Putin malah mengingatkan rakyat AS, “Lagipula apa pentingnya siapa yang meretas dan menyebarkan surel itu? Intinya sekarang, publik jadi tahu kebusukan yang disembunyikan [Hillary], dan janganlah teralihkan oleh apa yang sebenarnya tidak penting dari kisah ini,” tegasnya.

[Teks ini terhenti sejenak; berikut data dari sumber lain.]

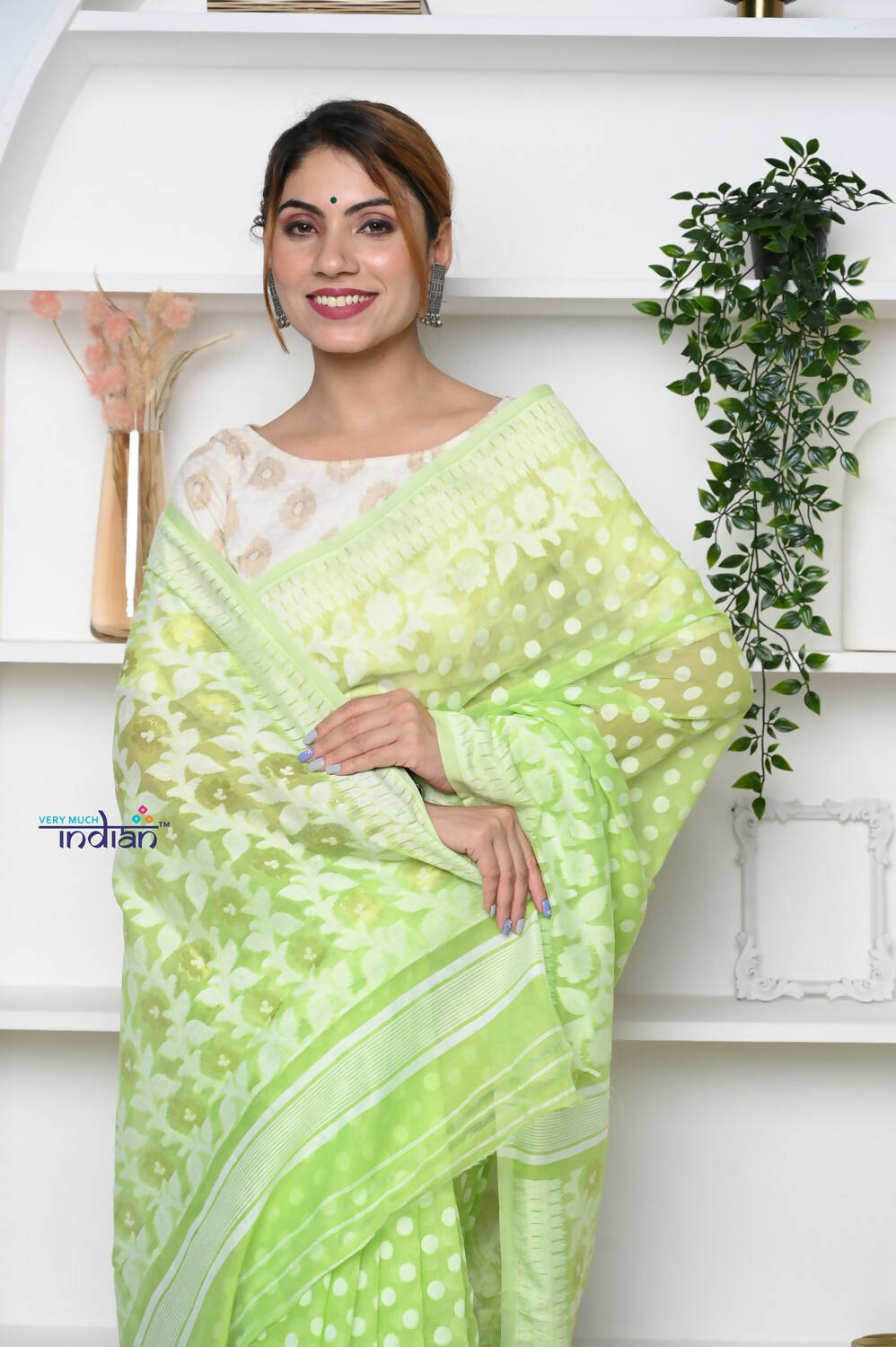 Very Much Indian Jamdhani Cotton Saree - Pista Green | Swadesiicart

“Setiap hari situs Putin diserang sepuluh ribuan peretas. Serangan itu ketika dilacak banyak datang dari AS, tapi kami tak menyalahkan Gedung Putih atau Langley setiap saat,” kata seorang juru bicara Putin seperti dikutip The Guardian. Wakil Kementerian Luar Negeri Rusia Sergei Ryabkov menyindir lebih tajam. “Mengobarkan sentimen ‘Peretas dari Rusia’ sudah digunakan saat kampanye di pemilu AS. Dan sekarang digunakan pemerintahan sekarang, karena (mereka) tak rela untuk tidak menggunakan cara-cara licik,” katanya.

Trump sendiri makin percaya diri, setelah pemungutan suara ulang yang dituntut Jill Stein menyatakan ia tetaplah pemenang pilpres kemarin. Ia malah menyindir para petugas CIA dengan mengatakan, “Mereka ini orang yang dulu bilang Saddam Hussein punya senjata pemusnah massal lho. Toh pemilu sudah berakhir lama, dengan kemenangan sistem elektoral terbesar sepanjang sejarah. Sekarang saatnya maju ke depan, dan membuat Amerika hebat lagi.”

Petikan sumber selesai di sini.